Par ailleurs, ce temps historiquement vécu ("l'année ou la vache du père Machin a mis bas un veau noir") se double d'une conception cyclique, logique dans des sociétés proches des grands cycles naturels terrestres, conception que je soupçonne d'avoir seulement ensuite dérivé vers une sorte d'a-temporalité (son fameux"in illo tempore"). En réduisant notre vision à un seul aspect du temps, nous n'avançons pas, nous régressons (à mes yeux, évidemment!)
Examinons maintenant un autre de ses chevaux de bataille: le concept de Foi. Là encore, je suis frappé par sa remarque selon laquelle cette notion de Foi serait née avec le judaïsme.

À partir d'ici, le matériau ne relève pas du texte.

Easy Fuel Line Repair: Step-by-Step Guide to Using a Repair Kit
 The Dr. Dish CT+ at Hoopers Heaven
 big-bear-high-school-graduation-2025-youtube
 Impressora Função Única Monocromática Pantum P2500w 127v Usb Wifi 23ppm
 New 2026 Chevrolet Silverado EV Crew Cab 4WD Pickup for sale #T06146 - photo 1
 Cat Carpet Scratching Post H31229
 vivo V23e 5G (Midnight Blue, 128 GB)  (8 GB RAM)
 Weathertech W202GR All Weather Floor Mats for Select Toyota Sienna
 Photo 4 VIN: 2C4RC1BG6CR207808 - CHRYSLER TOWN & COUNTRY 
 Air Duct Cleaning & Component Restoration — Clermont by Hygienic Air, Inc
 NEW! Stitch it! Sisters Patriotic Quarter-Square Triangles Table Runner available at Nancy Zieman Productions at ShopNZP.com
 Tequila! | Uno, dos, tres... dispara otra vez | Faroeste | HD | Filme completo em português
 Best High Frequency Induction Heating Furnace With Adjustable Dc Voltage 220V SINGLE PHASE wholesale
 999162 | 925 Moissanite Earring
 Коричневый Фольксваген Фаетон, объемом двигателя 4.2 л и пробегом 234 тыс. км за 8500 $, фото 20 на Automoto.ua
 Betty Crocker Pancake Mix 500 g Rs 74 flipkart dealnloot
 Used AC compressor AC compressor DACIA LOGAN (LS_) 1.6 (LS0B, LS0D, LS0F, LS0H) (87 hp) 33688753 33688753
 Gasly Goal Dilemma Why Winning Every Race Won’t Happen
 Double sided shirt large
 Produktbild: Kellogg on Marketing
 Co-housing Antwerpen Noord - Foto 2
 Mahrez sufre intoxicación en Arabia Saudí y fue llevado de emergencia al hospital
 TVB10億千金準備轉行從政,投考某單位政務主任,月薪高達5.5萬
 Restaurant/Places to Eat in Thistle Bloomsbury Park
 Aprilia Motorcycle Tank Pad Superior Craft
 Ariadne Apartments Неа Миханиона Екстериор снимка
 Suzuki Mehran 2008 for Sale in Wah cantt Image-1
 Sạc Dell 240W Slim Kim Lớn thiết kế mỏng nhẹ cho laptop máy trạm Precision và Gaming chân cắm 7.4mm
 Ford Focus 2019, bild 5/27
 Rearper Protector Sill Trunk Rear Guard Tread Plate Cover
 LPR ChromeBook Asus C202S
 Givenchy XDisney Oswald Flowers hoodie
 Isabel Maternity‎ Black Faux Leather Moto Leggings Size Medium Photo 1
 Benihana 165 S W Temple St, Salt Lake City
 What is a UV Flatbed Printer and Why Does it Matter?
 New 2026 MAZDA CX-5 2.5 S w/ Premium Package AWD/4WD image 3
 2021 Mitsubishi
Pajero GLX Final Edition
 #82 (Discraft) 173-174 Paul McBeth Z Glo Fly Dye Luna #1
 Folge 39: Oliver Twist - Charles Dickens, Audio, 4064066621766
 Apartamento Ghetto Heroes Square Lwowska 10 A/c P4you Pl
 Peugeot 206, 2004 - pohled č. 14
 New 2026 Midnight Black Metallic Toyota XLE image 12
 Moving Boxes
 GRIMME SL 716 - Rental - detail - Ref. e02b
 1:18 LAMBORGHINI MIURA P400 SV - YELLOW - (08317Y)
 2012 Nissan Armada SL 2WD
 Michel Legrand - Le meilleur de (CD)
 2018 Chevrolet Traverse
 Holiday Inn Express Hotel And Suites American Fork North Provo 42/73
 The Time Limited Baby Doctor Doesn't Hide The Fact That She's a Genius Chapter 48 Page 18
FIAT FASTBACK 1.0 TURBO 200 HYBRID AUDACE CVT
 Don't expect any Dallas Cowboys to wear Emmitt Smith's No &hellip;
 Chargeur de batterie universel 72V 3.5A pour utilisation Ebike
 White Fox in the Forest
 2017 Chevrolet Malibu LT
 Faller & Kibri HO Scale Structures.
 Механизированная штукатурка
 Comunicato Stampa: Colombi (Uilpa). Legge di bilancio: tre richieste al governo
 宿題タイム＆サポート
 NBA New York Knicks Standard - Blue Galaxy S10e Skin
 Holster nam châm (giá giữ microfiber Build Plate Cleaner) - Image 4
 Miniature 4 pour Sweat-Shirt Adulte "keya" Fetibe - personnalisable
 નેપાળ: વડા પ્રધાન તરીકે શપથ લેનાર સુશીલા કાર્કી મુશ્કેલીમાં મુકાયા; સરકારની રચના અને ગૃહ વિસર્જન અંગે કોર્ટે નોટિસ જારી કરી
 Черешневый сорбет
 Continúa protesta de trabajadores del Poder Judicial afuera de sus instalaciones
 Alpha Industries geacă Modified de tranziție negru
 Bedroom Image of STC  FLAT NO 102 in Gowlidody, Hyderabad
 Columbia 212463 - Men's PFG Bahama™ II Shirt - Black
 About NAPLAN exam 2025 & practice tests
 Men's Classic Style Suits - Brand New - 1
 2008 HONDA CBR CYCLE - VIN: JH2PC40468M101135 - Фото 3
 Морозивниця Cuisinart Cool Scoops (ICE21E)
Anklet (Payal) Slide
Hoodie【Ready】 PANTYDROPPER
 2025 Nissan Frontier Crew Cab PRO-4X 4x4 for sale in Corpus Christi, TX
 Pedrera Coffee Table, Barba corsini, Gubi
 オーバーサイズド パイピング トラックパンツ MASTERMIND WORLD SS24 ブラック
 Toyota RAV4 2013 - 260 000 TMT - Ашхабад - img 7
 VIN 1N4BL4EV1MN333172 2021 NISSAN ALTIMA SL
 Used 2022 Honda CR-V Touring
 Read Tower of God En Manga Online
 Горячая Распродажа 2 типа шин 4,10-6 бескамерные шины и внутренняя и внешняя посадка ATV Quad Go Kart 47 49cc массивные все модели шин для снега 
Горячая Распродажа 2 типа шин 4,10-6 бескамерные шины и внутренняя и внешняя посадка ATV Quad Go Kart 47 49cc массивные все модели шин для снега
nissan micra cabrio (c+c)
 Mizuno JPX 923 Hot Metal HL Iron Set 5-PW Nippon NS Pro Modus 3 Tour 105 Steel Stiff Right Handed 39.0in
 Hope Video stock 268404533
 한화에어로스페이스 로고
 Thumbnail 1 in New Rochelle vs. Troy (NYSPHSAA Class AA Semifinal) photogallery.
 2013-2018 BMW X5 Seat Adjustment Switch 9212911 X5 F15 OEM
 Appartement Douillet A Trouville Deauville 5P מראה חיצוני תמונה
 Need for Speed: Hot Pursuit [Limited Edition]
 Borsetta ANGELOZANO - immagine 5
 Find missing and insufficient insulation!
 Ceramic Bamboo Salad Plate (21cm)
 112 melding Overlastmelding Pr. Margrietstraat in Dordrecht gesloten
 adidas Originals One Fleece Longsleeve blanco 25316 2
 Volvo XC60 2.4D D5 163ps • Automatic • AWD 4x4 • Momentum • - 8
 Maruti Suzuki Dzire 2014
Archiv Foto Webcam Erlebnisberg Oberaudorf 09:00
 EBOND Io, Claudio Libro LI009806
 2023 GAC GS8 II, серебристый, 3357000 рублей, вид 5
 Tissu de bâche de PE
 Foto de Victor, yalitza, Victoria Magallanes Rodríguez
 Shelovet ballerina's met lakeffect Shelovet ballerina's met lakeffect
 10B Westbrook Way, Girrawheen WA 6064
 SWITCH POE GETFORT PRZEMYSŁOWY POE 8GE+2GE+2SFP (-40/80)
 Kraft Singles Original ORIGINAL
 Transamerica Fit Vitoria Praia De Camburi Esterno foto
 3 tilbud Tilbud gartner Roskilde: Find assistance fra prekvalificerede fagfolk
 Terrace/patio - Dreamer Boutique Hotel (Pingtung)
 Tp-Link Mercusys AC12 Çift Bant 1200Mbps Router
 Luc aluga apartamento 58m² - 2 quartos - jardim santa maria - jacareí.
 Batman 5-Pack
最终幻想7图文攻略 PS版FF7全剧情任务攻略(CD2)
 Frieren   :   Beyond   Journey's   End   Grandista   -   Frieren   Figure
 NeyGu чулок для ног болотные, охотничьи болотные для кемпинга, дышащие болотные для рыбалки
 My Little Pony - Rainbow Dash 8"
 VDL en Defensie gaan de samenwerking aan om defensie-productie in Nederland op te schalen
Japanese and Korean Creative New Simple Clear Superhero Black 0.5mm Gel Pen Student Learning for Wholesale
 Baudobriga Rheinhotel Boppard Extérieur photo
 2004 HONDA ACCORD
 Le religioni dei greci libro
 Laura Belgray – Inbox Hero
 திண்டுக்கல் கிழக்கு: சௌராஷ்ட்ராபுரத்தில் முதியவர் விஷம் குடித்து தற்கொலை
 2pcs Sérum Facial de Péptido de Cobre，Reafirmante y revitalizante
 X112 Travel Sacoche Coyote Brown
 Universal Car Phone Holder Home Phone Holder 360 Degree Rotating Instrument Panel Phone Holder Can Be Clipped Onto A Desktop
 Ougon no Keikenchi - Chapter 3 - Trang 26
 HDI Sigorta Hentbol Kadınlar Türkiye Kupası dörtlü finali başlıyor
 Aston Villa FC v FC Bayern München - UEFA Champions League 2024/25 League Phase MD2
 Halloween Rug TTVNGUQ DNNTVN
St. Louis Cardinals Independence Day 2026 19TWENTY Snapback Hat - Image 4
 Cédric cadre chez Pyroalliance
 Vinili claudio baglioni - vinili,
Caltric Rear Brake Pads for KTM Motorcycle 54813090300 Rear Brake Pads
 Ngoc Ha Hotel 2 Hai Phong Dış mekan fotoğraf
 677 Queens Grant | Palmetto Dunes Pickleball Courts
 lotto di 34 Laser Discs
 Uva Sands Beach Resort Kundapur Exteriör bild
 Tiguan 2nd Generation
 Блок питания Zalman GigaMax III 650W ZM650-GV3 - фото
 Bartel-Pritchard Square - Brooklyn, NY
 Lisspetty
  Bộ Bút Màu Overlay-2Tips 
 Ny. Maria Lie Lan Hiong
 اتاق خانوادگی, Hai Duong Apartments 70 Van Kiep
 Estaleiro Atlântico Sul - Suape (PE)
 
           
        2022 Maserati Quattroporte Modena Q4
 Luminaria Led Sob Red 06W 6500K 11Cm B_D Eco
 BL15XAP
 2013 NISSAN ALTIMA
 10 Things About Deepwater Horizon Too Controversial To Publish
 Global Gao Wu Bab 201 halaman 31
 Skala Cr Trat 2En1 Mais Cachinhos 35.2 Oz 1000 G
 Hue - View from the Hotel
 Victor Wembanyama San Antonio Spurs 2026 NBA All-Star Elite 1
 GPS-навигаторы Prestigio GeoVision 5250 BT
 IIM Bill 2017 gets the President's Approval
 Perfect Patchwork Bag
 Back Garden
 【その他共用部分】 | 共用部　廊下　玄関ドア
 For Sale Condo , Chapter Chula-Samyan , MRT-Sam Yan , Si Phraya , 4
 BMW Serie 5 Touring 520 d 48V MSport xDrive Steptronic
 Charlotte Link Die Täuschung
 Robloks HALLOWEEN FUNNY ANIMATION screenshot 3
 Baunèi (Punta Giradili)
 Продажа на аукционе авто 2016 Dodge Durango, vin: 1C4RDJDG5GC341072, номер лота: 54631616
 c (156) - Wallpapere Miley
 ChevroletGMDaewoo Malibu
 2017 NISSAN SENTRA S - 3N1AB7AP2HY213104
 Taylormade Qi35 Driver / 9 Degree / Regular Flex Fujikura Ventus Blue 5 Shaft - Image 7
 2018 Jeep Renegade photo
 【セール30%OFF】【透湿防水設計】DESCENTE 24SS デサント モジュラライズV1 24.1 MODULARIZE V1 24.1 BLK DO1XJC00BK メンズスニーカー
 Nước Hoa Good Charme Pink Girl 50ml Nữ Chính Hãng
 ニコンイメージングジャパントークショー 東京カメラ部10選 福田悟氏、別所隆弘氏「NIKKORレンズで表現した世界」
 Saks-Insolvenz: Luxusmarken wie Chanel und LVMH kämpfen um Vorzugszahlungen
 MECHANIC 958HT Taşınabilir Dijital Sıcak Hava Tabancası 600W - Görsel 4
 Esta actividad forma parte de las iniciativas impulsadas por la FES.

Cela me semble soutenable, car c'est peut-être le judaïsme qui a soulevé le premier un problème d'importance: il est *nécessaire* de croire à un dieu unique nommé (même si les théologiens de haut niveau en ont une approche non-nommée, le croyant de base, lui, nomme), sinon les pires tourments sont réservés après sa mort physique à l'incroyant. Situation nouvelle, car antérieurement, le polythéisme étant de règle, on pouvait voir se cotoyer des croyances diverses sans que cela entraîne cette sentence de mort que le judaïsme, puis le christianisme, puis l'Islam ont proféré contre les "Incroyants", les "Infidèles", les "Trinitaires" etc. Le phénomène de la Foi n'était même pas nécessaire dans les religions archaïques selon Eliade, puisque le concept même de divinités personnifiant divers aspects de la Nature était universellement admis. Pas besoin de "croire" au sens chrétien du terme, par exemple. [J'ajouterai que, en particulier si on pousse un peu plus loin l'examen (mais c'est hors du thème "histoire des religions") de la validité de ces croyances polythéistes, c'était loin d'être idiot, et c'est un euphémisme!]. Il me semble intéressant de rapprocher cela du fait que l'apparition de la notion de Foi coïncide avec l'apparition des monothéismes, et ce dès la naissance du culte d'Aton, qui a suscité à l'époque, me semble-t-il, autant de controverses purement théologiques que bassement politiques. De là à conclure, moi aussi, que l'abandon de la notion de cycles, liée à nos perceptions ordinaires, au profit d'une conception historiciste, que la notion de Dieu Unique, moins évidente, ait été, lorsque prise au pied de la lettre, plus un facteur de régression qu'un facteur d'évolution, il n'y a pas loin!
Mais ce n'est pas tout. Je me suis posé il y a quelques mois la question suivante: pourquoi cet anathème quasi universel lancé par toutes les religions monothéistes et par le Bouddhisme contre les pratiques dites Magiques? Partant des analyses d'Eliade, on peut aller juste un petit peu plus loin et tenter de répondre à cette question. Rassurez-vous, je ne vous infligerai pas ce supplice ce soir, car mon message est déjà long et je ne voudrais pas vous "prendre la tête", comme dit ma fille, avec mes élucubrations plus longtemps.
Veuillez me pardonner si, en résumé, je ne puis ni surtout ne veux tenir compte de la biographie d'Eliade lorsque je lis ses bouquins. J'ai toujours trouvé qu'une pierre était plus belle sans sa monture, et une plante plus vivante si on la cultive en pleine terre et non en pot.
Ne considérez pas non plus que cette réponse est polémique, ce n'est pas le cas. Ce sont simplement les impressions que je ressens ici et maintenant.